- _What is needed_: Up to and including the line that holds "Cocina de Piso", copy every line of the records below exactly, starting at the first; leave pictures out.

(Web page caption snippets)
|---|
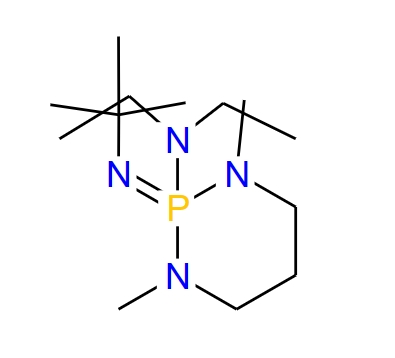 2-叔丁基亚氨基-2-二乙基氨基-1,3-二甲基全氢-1,3,2-二氮杂磷 98015-45-3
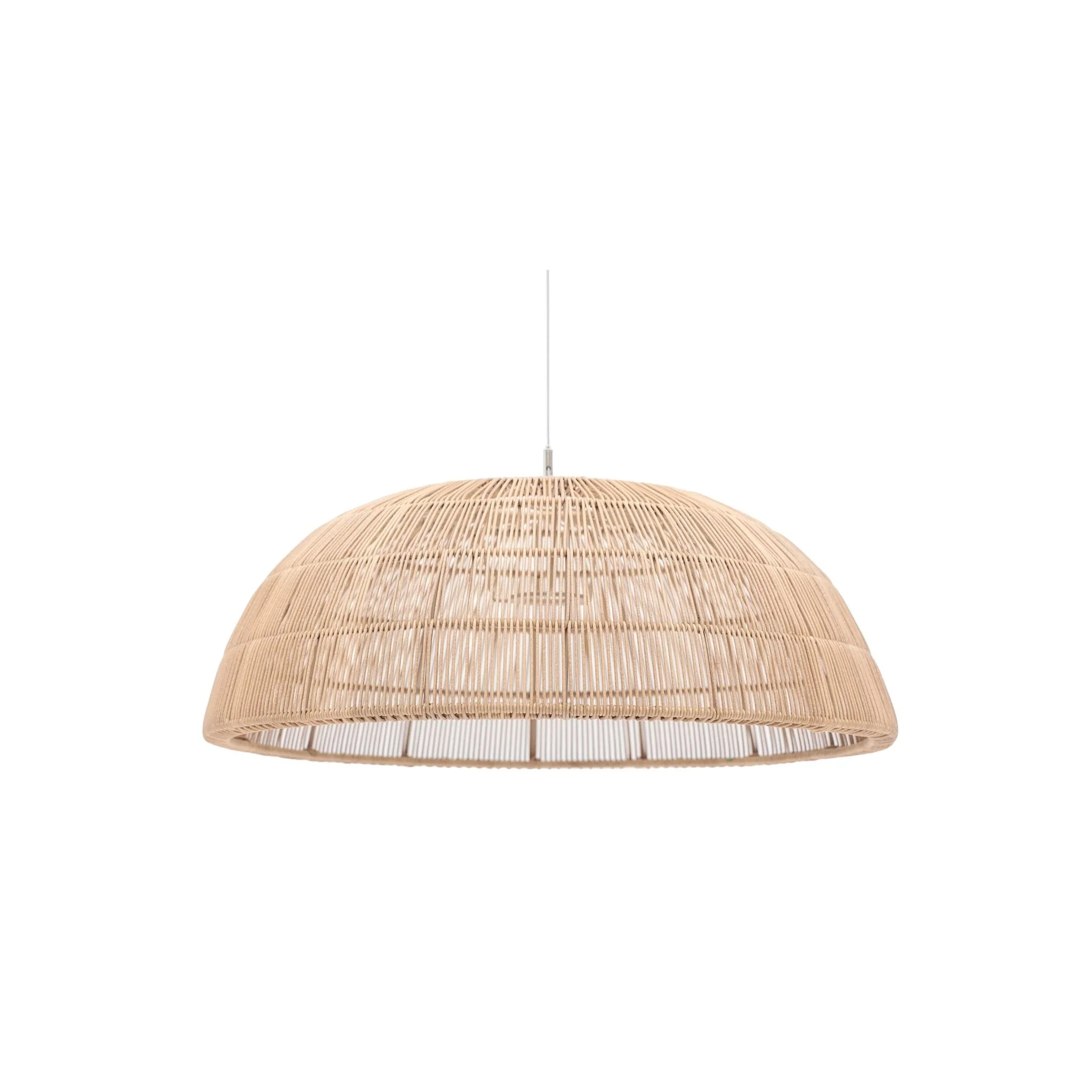 Anja Pendant Lamp - Natural - Image 3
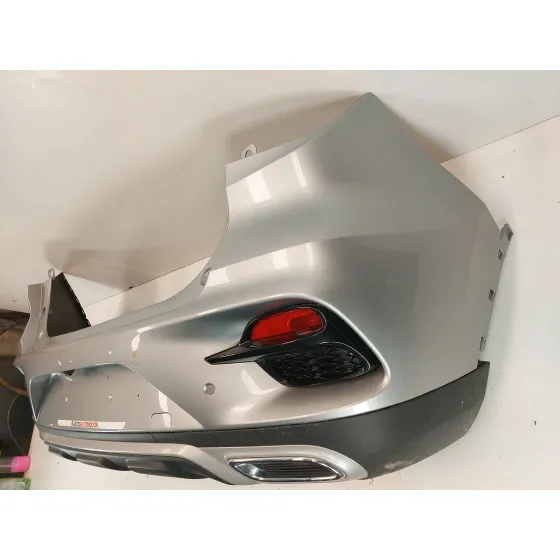 Paragolpes Trasero para Mg Zs Suv (Azs1)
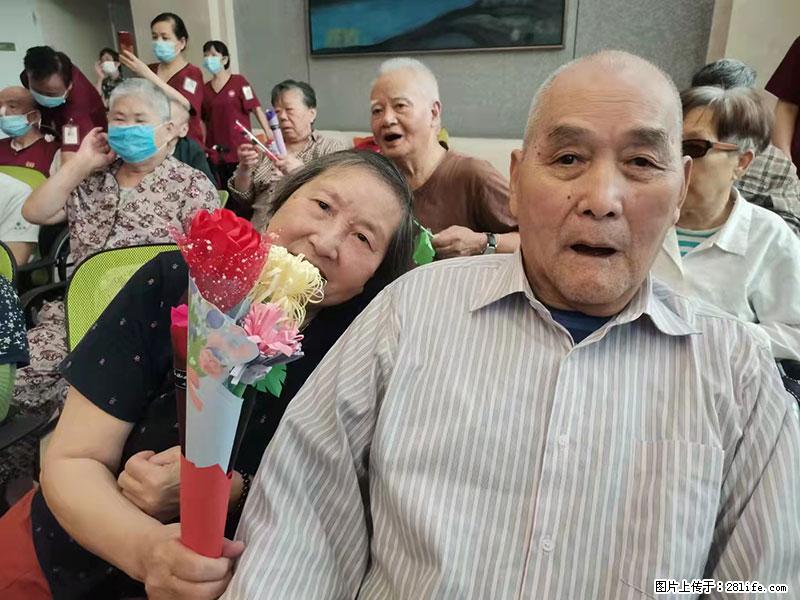 上海国企养老院，星级酒店环境，招聘养老护工 - 职场交流 - 汕头生活社区 - 汕头28生活网 st.28life.net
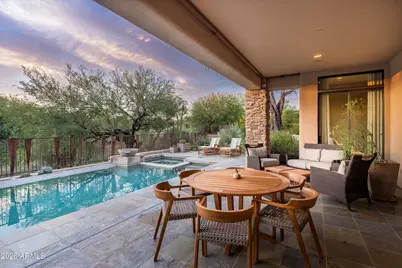 28536 N 95th Place, Scottsdale, AZ 85262 - Photo 50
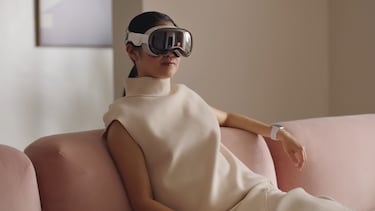 Apple Vision Pro abre sus reservas en Estados Unidos y escandaliza por su desorbitado precio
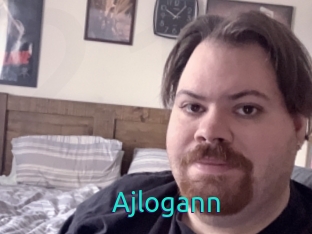 Ajlogann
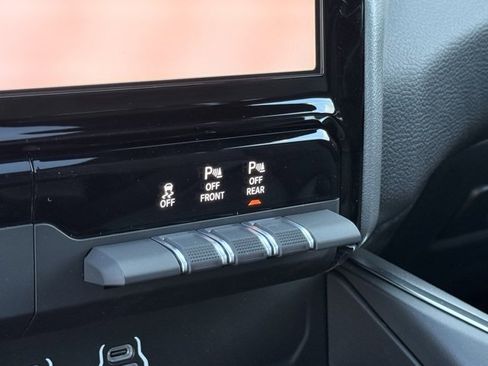 New 2026 RAM 1500 Big Horn image 24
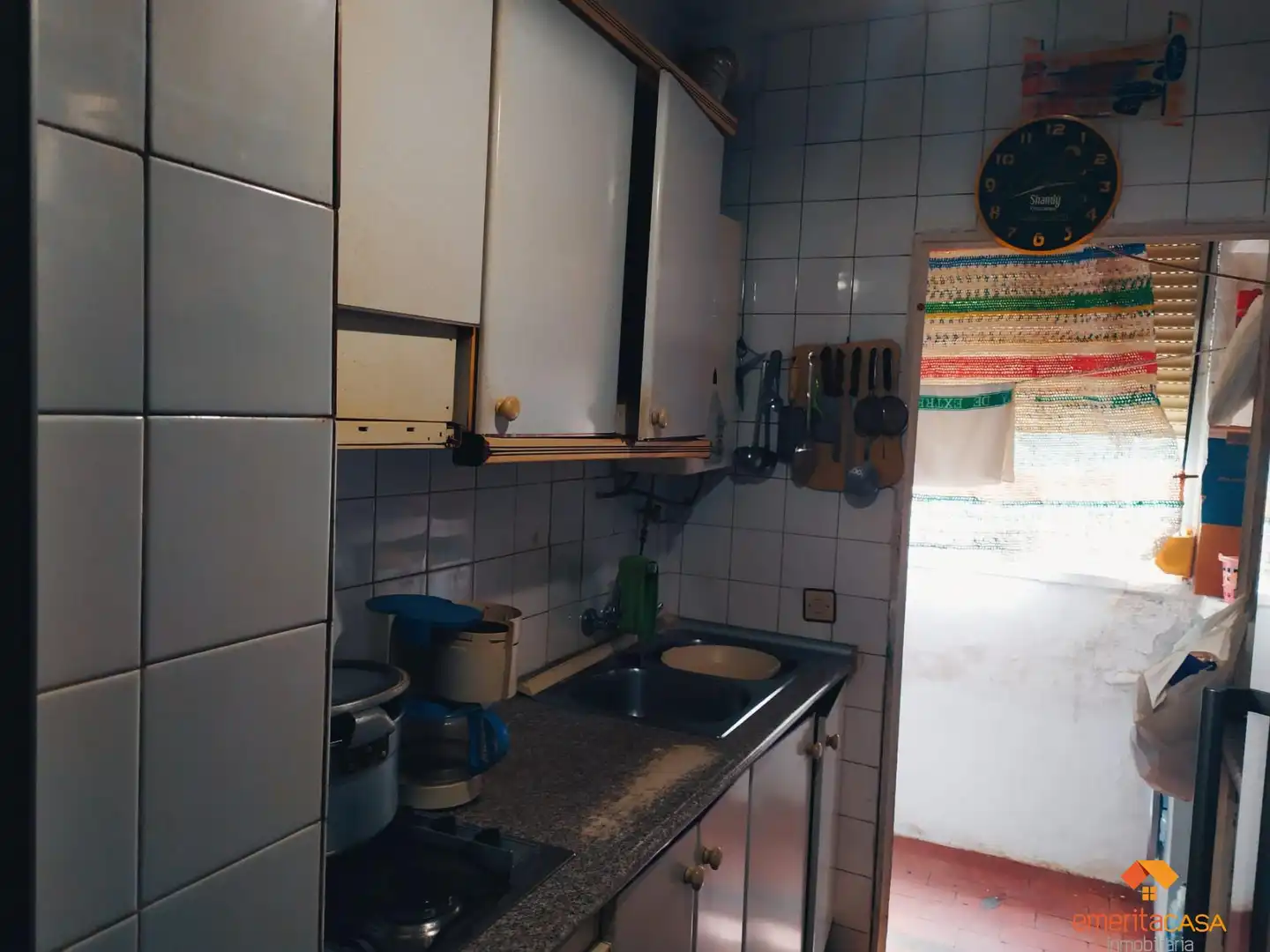 Cocina de Piso en venta en Cáceres con Terraza
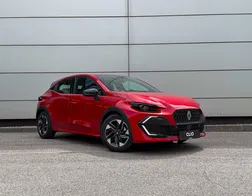 Osobné vozidlá - Renault clio-nove Techno Tce 115 Renault Clio - 2026, Manuálna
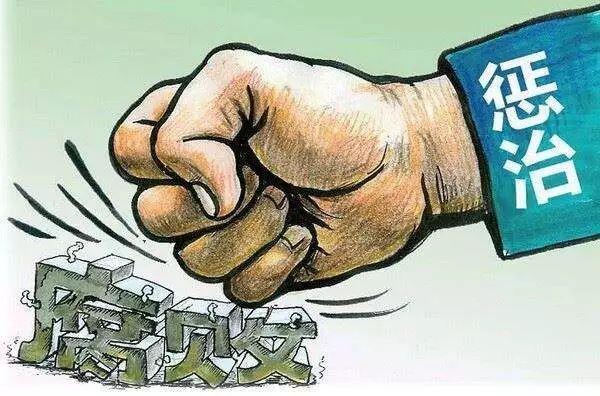 紧盯享乐奢靡之风老问题新动向 立破并举治理违规吃喝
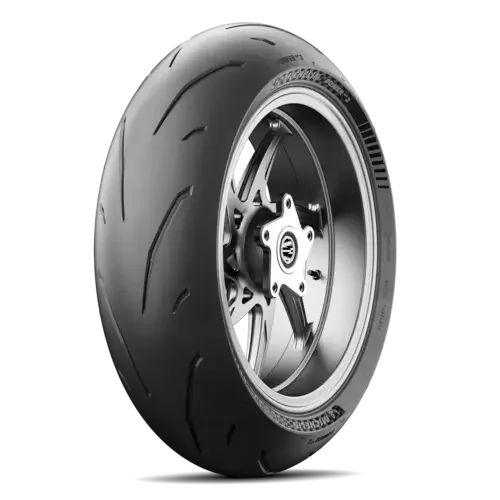 Pneu Arrière - Michelin Power GP2 – Kawasaki Ninja 1000 - Image 1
|---|
- _Answer to this task_:
 2-叔丁基亚氨基-2-二乙基氨基-1,3-二甲基全氢-1,3,2-二氮杂磷 98015-45-3
 Anja Pendant Lamp - Natural - Image 3
 Paragolpes Trasero para Mg Zs Suv (Azs1)
 上海国企养老院，星级酒店环境，招聘养老护工 - 职场交流 - 汕头生活社区 - 汕头28生活网 st.28life.net
 28536 N 95th Place, Scottsdale, AZ 85262 - Photo 50
 Apple Vision Pro abre sus reservas en Estados Unidos y escandaliza por su desorbitado precio
 Ajlogann
 New 2026 RAM 1500 Big Horn image 24
 Cocina de Piso en venta en Cáceres con Terraza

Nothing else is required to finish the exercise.